Unconfined, uniaxial compression tests, up to 30% strain, at 0.01 and 0.0001 s−1 strain rates were carried out on both cast and printed cylindrical solid samples (n = 6). A Mach-1TM mechanical testing system (Biomomentum, Canada) with a 1.5 N load cell (Honeywell, USA) was used to carry out the tests as it is designed towards soft material studies. A 100 Hz sampling rate was used and the data was filtered using a software integrated low-pass filter of order 2 and cut-off frequency 50 Hz. Samples were kept well hydrated prior to testing and immediately transferred onto the machine platen. Each test took 30 s, which is a sufficiently short time to confidently rule out dehydration effects on the samples. Stress-strain curves were plotted and compared for the cast and printed samples to show that the cryogenic technique produces a mechanically similar material compared with the cast-moulded technique.

The compressive stiffness was characterised by the stress-strain curves calculated from the axial force and displacement data obtained from the experimental tests. The diameter and initial height of each sample was recorded in order to calculate the true stress and strain. Given the very large water content, incompressibility was assumed for the CH in the calculations; this is also conventionally used when modelling real brain, which the CH has been shown to match in compression up to 30% strain23,48.

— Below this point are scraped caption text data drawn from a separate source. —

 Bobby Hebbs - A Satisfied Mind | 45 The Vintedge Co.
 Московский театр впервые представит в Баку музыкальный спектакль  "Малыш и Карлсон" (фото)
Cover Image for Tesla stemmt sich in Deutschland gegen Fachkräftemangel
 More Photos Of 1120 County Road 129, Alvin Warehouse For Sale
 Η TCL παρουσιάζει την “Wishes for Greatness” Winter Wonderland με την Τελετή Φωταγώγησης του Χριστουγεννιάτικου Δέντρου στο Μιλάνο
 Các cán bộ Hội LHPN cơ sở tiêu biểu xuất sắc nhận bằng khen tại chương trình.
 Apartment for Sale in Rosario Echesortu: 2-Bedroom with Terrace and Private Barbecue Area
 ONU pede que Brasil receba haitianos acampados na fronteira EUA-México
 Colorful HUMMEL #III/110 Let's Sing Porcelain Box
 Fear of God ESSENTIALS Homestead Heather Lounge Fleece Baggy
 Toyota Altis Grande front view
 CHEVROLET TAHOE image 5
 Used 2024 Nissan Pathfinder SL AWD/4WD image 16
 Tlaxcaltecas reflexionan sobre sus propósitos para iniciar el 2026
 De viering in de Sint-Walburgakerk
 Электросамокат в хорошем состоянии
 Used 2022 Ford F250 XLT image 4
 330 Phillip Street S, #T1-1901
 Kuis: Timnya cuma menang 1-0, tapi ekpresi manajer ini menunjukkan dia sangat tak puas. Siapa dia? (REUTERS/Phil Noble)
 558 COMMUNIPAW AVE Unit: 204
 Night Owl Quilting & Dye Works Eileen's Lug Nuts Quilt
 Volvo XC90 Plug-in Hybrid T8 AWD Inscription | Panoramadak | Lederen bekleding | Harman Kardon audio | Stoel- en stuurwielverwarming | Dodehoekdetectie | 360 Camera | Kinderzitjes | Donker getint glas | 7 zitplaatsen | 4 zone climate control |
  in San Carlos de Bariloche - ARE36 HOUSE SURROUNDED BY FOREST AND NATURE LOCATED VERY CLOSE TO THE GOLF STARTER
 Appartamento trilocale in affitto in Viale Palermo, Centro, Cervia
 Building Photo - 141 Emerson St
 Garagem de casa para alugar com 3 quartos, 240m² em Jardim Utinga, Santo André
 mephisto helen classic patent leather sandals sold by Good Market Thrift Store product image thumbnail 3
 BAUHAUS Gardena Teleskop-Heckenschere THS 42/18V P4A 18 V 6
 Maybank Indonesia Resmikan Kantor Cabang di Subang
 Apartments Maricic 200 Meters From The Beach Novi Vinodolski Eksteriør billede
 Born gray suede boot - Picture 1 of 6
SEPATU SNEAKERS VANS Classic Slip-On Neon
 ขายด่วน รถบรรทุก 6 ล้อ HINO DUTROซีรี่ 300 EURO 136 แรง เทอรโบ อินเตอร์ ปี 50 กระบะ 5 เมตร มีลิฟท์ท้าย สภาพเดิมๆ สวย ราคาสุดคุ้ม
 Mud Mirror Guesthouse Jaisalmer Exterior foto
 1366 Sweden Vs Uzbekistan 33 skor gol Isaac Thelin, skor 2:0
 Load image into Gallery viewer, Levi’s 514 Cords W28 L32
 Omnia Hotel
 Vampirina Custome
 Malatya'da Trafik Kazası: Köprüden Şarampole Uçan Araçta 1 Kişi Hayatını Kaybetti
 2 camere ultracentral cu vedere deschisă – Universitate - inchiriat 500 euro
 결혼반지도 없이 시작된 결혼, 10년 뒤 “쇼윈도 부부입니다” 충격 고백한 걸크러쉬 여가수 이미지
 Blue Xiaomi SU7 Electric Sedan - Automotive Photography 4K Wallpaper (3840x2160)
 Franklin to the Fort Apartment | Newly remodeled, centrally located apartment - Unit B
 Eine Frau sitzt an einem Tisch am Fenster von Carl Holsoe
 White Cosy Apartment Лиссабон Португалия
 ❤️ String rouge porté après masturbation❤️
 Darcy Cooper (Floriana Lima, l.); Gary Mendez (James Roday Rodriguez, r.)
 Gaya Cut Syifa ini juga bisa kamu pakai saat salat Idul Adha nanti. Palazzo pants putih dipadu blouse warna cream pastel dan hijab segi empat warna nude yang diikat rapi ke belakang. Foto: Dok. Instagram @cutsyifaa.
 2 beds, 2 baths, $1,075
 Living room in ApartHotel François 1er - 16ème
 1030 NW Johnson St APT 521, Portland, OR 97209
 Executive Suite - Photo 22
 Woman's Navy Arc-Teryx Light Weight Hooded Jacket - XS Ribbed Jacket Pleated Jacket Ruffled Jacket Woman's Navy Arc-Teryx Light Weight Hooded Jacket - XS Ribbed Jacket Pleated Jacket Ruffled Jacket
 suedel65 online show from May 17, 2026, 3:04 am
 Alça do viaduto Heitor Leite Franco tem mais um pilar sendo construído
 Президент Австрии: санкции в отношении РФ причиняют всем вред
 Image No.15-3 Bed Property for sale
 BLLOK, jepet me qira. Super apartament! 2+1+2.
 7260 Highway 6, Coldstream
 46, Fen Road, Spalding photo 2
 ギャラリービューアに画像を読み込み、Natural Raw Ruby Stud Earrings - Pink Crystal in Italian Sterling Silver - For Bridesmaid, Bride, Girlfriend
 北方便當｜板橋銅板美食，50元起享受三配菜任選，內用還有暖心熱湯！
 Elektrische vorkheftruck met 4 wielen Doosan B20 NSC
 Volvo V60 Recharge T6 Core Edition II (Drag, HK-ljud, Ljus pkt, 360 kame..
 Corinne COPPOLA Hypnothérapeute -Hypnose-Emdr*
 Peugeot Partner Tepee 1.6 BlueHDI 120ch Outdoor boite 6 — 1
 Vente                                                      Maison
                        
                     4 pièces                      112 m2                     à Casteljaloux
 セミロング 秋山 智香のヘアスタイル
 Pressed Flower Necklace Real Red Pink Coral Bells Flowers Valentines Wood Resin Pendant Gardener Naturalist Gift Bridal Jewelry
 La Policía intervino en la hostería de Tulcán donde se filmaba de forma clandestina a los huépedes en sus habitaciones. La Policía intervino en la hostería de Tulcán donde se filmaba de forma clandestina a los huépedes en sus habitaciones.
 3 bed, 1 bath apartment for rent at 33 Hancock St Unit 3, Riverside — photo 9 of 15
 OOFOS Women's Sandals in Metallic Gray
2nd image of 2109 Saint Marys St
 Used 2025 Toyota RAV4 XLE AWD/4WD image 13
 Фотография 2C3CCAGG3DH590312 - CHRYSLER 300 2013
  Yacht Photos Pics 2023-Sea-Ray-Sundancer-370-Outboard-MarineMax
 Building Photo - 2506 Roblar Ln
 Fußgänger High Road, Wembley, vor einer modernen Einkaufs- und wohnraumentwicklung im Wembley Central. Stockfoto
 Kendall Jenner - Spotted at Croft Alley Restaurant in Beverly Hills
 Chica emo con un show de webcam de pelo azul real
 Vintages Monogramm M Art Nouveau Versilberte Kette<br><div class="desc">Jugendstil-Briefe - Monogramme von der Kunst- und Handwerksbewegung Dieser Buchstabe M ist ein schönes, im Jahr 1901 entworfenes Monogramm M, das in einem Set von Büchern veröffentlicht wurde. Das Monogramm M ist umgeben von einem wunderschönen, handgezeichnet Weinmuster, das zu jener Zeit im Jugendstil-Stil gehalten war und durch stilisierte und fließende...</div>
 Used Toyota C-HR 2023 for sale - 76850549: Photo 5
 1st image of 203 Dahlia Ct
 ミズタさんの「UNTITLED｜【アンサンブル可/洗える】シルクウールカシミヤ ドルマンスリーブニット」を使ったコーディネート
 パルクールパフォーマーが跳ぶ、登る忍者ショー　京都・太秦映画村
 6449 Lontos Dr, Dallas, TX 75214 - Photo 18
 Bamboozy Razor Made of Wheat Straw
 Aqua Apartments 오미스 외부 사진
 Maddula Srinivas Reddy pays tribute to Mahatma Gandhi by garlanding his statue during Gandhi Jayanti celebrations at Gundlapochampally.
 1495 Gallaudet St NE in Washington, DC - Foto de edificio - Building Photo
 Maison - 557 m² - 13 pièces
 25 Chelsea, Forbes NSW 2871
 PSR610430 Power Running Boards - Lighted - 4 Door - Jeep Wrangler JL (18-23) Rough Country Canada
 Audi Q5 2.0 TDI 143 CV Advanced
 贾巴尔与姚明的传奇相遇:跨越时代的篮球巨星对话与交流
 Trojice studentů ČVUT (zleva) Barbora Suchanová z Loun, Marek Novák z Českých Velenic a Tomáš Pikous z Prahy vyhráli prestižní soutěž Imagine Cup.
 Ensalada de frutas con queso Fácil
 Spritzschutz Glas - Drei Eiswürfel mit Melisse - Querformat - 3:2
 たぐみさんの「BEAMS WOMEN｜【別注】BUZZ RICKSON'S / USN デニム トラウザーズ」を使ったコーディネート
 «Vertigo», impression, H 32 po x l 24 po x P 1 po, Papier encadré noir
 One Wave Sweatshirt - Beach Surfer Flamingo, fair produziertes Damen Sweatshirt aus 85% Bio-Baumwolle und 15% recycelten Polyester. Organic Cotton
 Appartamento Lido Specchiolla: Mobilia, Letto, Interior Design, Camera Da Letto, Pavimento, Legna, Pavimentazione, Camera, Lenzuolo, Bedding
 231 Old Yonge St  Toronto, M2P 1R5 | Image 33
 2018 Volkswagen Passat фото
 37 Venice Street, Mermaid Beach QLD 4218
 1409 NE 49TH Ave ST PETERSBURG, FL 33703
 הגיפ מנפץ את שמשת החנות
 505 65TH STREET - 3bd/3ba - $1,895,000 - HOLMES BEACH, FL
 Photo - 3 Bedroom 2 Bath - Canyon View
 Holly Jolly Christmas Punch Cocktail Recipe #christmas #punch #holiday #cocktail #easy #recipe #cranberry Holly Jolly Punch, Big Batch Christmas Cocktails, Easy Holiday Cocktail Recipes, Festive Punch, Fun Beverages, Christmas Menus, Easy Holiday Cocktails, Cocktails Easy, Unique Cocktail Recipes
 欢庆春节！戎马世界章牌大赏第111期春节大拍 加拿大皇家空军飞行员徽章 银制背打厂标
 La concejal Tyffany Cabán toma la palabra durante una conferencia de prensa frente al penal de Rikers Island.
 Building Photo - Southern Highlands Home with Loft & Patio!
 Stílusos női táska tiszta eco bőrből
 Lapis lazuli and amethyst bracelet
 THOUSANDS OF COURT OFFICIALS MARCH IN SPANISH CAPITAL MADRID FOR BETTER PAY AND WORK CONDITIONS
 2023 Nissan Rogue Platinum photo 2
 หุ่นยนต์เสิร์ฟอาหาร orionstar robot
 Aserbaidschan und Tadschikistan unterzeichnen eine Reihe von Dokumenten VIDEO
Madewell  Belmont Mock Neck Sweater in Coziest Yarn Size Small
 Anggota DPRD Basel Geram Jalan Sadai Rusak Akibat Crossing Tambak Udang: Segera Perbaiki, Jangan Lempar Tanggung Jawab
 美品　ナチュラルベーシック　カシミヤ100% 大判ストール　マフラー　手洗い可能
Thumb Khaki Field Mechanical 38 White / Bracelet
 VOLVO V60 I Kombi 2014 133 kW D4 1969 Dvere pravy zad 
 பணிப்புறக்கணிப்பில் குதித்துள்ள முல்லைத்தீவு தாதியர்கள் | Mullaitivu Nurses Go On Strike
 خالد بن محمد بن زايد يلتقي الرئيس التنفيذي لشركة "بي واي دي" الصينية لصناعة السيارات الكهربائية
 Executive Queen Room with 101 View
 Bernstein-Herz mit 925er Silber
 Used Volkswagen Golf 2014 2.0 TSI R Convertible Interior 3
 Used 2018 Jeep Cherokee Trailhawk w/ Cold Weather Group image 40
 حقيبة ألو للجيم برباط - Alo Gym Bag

Analysis of printed microstructure morphology

SEM analyses of various features of the printed material microstructure and surface morphology were conducted for further validating the cryogenic printing method. The cross-section of the 3D printed structures were prepared for microscopy using the freeze-fracture method. The surface was then gold-sputtered using the Auto Sputter Coater (Agar, UK) to allow for the conduction of the electron beam and to help preserve the microstructure. An environmental SEM (ESEM) 15 kV laser beam was used with 50 pA in a variable pressure mode of 100 Pa at a working distance of 10 mm. The regions investigated were the internal homogenous microstructure, the bonding between consecutive layers and the sample surface with the intention of validating the cross-linking of the hydrogel throughout the entire printed material.

Cell seeding

Primary Normal Human Dermal Fibroblasts (NHDF, Promocell, Germany) were seeded onto the 3D printed 5 wt% PVA 0.59 wt% Phytagel hydrogels, at a density of 4 × 104 cell/cm2. Samples were previously coated with collagen, poly-L-lysine or gelatine to enhance cell attachment. Collagen has been used as a coating for cell attachment by Engler et al.49 to study the effect of substrate stiffness on cell differentiation, which therefore indicates that the cells have the ability to feel the underlying substrate stiffness through the collagen coating. Gelatine is often used as an alternative tissue scaffold material to collagen due to its greater availability and cost effectiveness. Poly-L-lysine has also been used as a coating as it forms a cationic layer that attracts the anionic sites on the cells surfaces37,50,51,52. Whereas the collagen and gelatine coating rely on absorption into the pores of the hydrogel where they crosslink and attach to the substrate, the poly-L-lysine is electrostatically adsorbed onto the surfaces owing to the –OH functional groups present in the PVA and Phytagel chains. This creates a stronger bond that cannot be physically removed.

Cell viability

Cell viability was assessed using Live/Dead staining. Samples were kept in culture for 72 hours and then stained using calcein for live cells and ethidium homodimer-1 (EthD-1) for dead cells. Samples were immersed in a phosphate buffered saline (PBS) solution, containing 2 μl of 4 mM Calcein AM (acetoxymethyl) and 1 μl of 2 mM EthD-1 for each ml of solution, and then incubated for 15 minutes at 37 °C. Live (green, FITC) and dead (red, TRITC) cells were then observed under a fluorescence microscope.